= Antoine de Longueval =

French composer

Antoine de Longueval (fl. 1498–1525) was a French singer and composer of the Renaissance. A contemporary of Josquin des Prez, he was singing master of the French royal chapel under King Francis I, and was important in the history of the polyphonic setting of the Passion.

==Life==
Little is known about his early life, not even his approximate birthdate, but he was probably from the village of Longueval in the Somme region of Picardy (scene of much heavy fighting during the Somme battles in 1916). By 1498, court records indicate that he was employed by Anne of Brittany, and between 1502 and 1504 he was a singer at the Savoy court, where his high pay indicates the respect he was accorded as a musician. From there he went to Ferrara, where he was a singer between December 1503 and September 1504; therefore he was there at the same time as Josquin des Prez. It is presumed that he wrote his most famous composition, the passion setting Passio Domini nostri for Holy Week of 1504, the same event for which Josquin's famous Miserere was likely written.

Why he left Ferrara is not known, but he may have fled an outbreak of the plague, as did Josquin and a large proportion of the town's population. In 1507 he is listed as a member of the group of private musicians of the French king, Louis XII, and in 1515, Francis I promoted him to maître de chapelle (singing master) of the royal chapel. That same year he went to Italy with the French king, along with composer Jean Mouton, where Pope Leo X made both composers apostolic notaries. On returning to France, Longueval was further honored by being made a canon of Notre Dame de Paris, a position he resigned in 1519 in order to become abbot of the Benedictine priory in Longueval, the probable town of his birth. Alfonso I, the Duke of Ferrara, made one more attempt to get him to return to his opulent musical establishment in Italy, but evidently was not successful.
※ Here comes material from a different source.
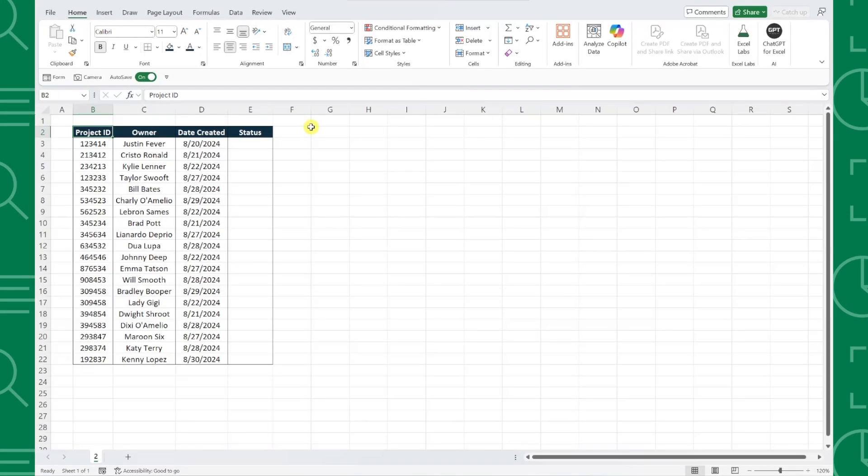For example, here we have a project tracker we are using to track a bunch of different projects and we want to add color-coded drop-downs to the status column that highlights the row red if a project is not started, yellow if it's in progress, and green if it's complete.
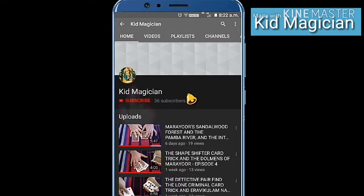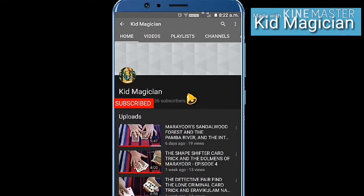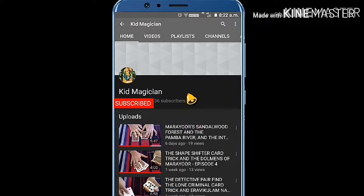Hit that subscribe button for more videos and also hit that notification bell so that you are the first one to see the upload.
The last mention of Longueval is at the French court in 1525, and it is presumed he may have died shortly after.

His colleague at the chapelle royale, Pierre Moulu, pays tribute to Longueval in his "musicians' motet" Mater floreat (from a manuscript presented to Lorenzo II de’ Medici at his wedding in 1518) which after paying tribute to the leading composers of Europe, from Du Fay, Regis, Busnois, Basiron, Alexander Agricola, Jacob Obrecht, and Josquin, turns to Louis XII's own composers giving first and longest place to Longueval.

==Works==
Longueval's surviving attributed works consist of two motets, two chansons, and attribution of the famous Passion setting Passio Domini nostri Jesu Christi for four voices. He wrote at least one mass setting, which was documented as being sent to Ferrara, but it either has not survived or has survived anonymously.

Passio Domini nostri is unusual for being a polyphonic setting of much of the Passion text from the Gospel of St. Matthew and the other three Gospels, especially that of St. John, with variation in texture, rhythmic character, scoring, and other musical attributes depending on the speaker and the context. It was enormously influential on Lutheran musicians in Germany throughout the 16th century, and was much imitated. The passion was recorded under the direction of Roger Blanchard and Pierre Poulteau in 1964. Finnish ensemble Kuninkaantien muusikot (Musicians of the King's Road) has performed the Passion as a part of its early passions cycle. The performance took place in Turku Cathedral in 2017, the year of the 500th anniversary of the Reformation.

The chansons by Longueval show both archaic characteristics, in that they partially abide by the 15th century convention of the formes fixes, but they also are progressive in their use of imitation, which may be an influence of Josquin.